Cyber Florida receives $20 million grant to boost job force

by | Jun 21, 2022



 

The Florida Center for Cybersecurity, better known as Florida Cyber, will receive a $20 million grant provided by the Florida Department of Education in order to boost cybersecurity education and resources statewide. The program has hopes to bolster the state’s cybersecurity workforce as a burgeoning technology and cybersecurity regional industry presents itself statewide.

The program will initially operate at a regional scale, housed at the University of South Florida. Gov. Ron DeSantis anticipates that the program’s future success could help provide expansions to schools in metro regions like Miami and Jacksonville.

Since 2019, cybersecurity program enrollment among students has risen nearly 40 percent, with 143,000 grade school students engaged in Information Technology (IT) academic pathways. With this new funding, state officials hope to double enrollment by 2024.

The initiative marks the first in the nation of its kind, offering students as young as 11 and 12 able to gain rudimentary and foundational skills for the sector of information technologies. DeSantis claims that there are more than 22,000 unfilled high-paying cyber security jobs within Florida, with hopes that the new program will help fulfill the vacant positions.

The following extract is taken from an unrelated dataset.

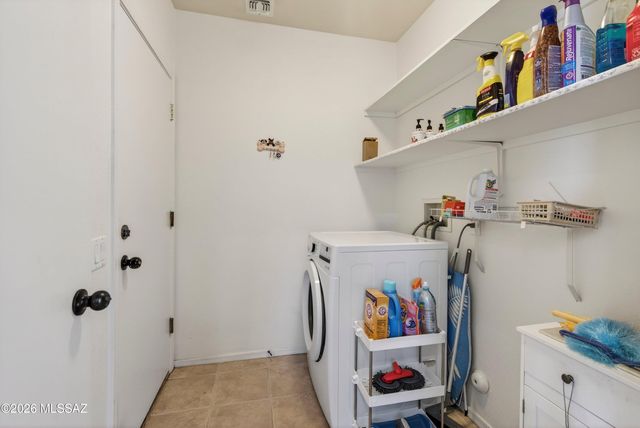 9511 N Twinkling Shadows Way, Tucson, AZ 85743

“You have the cyber end of things, which is typically viewed as something that is in a postsecondary framework because there’s so much opportunity and so much need, but one of the things we’ve wanted to do with all of this is start preparing people with skills prior to being in college,” said DeSantis. “We’ve worked really hard on the K through 12 system to get more cyber and IT science in the classroom. We’ve been able to get funding from the legislature to do that. This funding will be coordinated through the Florida Center for Cybersecurity to help middle school, high school, and college students obtain credentials.”

This initiative is built on the state’s Career and Technical Education audit and implementation of HB 1507 to shift K-12 and postsecondary course offerings in a manner that phases out low-demand, low-wage courses and introduces more high-demand, high-wage courses, stackable credentials, and pathways that best align Florida’s K-12 and postsecondary systems to workforce demands.

Florida’s entry into the tech and IT world has led to workers and businesses flocking to the state, adding more tech companies than any other state in the nation in 2021, according to a report published by CompTIA, a top trade associate of the IT sector.

Driven by rising prices and unfavorable tax regulations, tech companies at large relocated to The Sunshine State, landing in cities like Miami, Tampa, and Jacksonville. According to the report, Florida added 2,715 tech businesses last year, placing ahead of established hubs like California and North Carolina.

DeSantis awarded a further $6 million to Osceola County in 2021 to expand the southern corridor of the county to connect with the NeoCity technological research and development district, creating a space for tech manufacturers, specifically those creating semiconductors, to enter Florida.

“Manufacturing is something that we need to do a better job of. We’ve worked really hard … to expand our manufacturing footprint and we want to continue doing that moving forward,” said DeSantis. “Semiconductors are a huge issue. If you look at how the supply chain works, we are overly dependent on foreign nations, including Taiwan, which is a good ally of ours but is one that is under really serious pressure by the CCP in China, so I think the more we can do manufacturing semiconductors here, the better off we’ll be.